Dremio

Warning

Experimental: Connection to Dremio is Experimental

Dataiku has experimental support for interacting with Dremio:

  • Reading data from Dremio

  • SQL notebook

  • Performing in-database computation for Dremio->Dremio recipes

  • Performing in-database charts

  • Limited support for write-back to Dremio from non-Dremio data

Support has been tested on Dremio Cloud.

Setting up

Dataiku support for Dremio leverages the “Flight SQL” driver. You can download the driver from Dremio’s site: https://docs.dremio.com/current/client-applications/drivers/arrow-flight-sql-jdbc-driver

Put the driver in a subfolder of your lib/jdbc driver, such as lib/jdbc/dremio

In Dataiku, create an “Other databases (JDBC)” connection

  • JDBC driver class: org.apache.arrow.driver.jdbc.ArrowFlightJdbcDriver

  • JDBC URL: jdbc:arrow-flight-sql://HOST:443/?token=ENCODED_TOKEN&catalog=CATALOG_GUID, where:

    • For Dremio Cloud, HOST is usually data.dremio.com or data.eu.dremio.com

    • CATALOG_GUID is the project id of a project in your Dremio. It can be found in the Sonar “Settings” page for your project

    • ENCODED_TOKEN is a Personal Access Token, URL-encoded

  • Drivers jars directory: lib/jdbc/dremio (or another folder that you may have selected)

  • SQL Dialect: Dremio

  • User/Password: Leave empty

  • Can browse catalogs: Disable

Importing tables

You can import tables using the usual Connection Explorer.

A specificity of Dremio is that within dataset settings, table and schema names should be quoted. Unlike other databases, in Dremio, the schema can be made of several quoted chunks, representing the hierarchical nature of Dremio.

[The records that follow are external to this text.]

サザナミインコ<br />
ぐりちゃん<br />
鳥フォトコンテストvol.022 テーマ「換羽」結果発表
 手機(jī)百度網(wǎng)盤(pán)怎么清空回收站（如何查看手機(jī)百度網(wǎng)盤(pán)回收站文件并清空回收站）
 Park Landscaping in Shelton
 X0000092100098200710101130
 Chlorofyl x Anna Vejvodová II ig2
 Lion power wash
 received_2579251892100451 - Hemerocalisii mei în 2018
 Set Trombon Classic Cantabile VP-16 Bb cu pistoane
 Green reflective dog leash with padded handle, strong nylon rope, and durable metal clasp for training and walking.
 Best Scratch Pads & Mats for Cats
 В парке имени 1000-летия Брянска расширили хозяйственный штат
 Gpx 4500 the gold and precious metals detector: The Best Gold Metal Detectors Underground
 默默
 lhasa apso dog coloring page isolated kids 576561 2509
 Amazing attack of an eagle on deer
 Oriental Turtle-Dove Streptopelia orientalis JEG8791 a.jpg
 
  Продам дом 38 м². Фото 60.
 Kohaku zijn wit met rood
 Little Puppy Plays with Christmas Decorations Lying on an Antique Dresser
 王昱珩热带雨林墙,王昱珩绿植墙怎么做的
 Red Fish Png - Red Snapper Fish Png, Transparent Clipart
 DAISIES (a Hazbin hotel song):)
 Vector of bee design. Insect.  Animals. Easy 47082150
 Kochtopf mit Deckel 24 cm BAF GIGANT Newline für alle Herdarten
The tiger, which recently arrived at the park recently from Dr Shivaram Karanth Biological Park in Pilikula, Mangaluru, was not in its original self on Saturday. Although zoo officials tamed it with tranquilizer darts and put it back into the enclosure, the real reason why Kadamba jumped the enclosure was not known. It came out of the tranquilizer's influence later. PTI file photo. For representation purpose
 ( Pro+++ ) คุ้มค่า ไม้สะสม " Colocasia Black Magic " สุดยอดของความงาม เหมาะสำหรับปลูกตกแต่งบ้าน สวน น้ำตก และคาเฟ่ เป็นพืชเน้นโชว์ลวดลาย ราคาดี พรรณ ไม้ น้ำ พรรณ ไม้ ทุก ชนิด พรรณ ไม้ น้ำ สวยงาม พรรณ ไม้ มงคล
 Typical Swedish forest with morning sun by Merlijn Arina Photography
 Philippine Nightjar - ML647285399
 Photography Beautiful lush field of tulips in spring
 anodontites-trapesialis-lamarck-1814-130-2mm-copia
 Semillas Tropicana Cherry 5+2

For example, the famous TPCDS datasets can be accessed with:

  • Table: "call_center"

  • Schema: "Samples"."samples.dremio.com"."tpcds_sf1000"

Limitations

  • Writing data into Dremio “from the outside” (which is done through JDBC inserts) is extremely slow (about one record every 2-5 seconds)

  • Dremio does not have a “timestamp with time zone” data type, so the “datetime with tz” type of DSS gets converted to a timestamp-unaware field in Dremio. Various timezone shift issues may be encountered.

  • In charts, support for dates / timestamps is limited